Top-Down Compression: Revisit Efficient Vision Token Projection for Visual Instruction Tuning
This addresses the efficiency bottleneck in visual instruction tuning for large language models, representing a strong incremental improvement.
The paper tackles the trade-off between accuracy and efficiency in vision-to-language projection for visual instruction tuning by introducing LLaVA-Meteor with a Top-Down Compression paradigm, which reduces visual tokens by 75-95% while achieving comparable or superior performance on 12 benchmarks.

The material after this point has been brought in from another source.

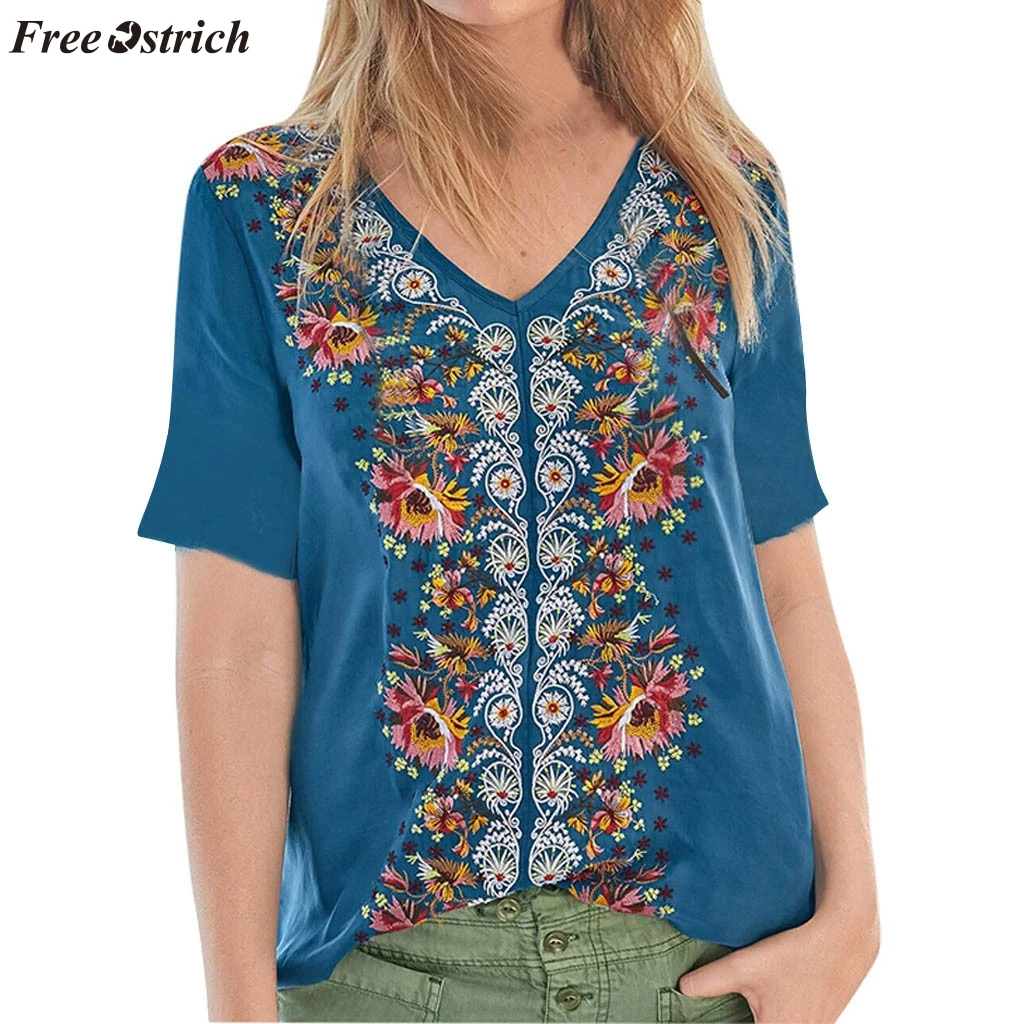 Футболка Бесплатная Ostrich женская летняя модная футболка с вышивкой Повседневная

Visual instruction tuning aims to enable large language models to comprehend the visual world, with a pivotal challenge lying in establishing an effective vision-to-language projection. However, existing methods often grapple with the intractable trade-off between accuracy and efficiency. In this paper, we present LLaVA-Meteor, a novel approach designed to break this deadlock, equipped with a novel Top-Down Compression paradigm that strategically compresses visual tokens without compromising core information. Specifically, we construct a trainable Flash Global Fusion module based on efficient selective state space operators, which aligns the feature space while enabling each token to perceive holistic visual context and instruction preference at low cost. Furthermore, a local-to-single scanning manner is employed to effectively capture local dependencies, thereby enhancing the model's capability in vision modeling. To alleviate computational overhead, we explore a Visual-Native Selection mechanism that independently assesses token significance by both the visual and native experts, followed by aggregation to retain the most critical subset. Extensive experiments show that our approach reduces visual tokens by 75--95% while achieving comparable or superior performance across 12 benchmarks, significantly improving efficiency.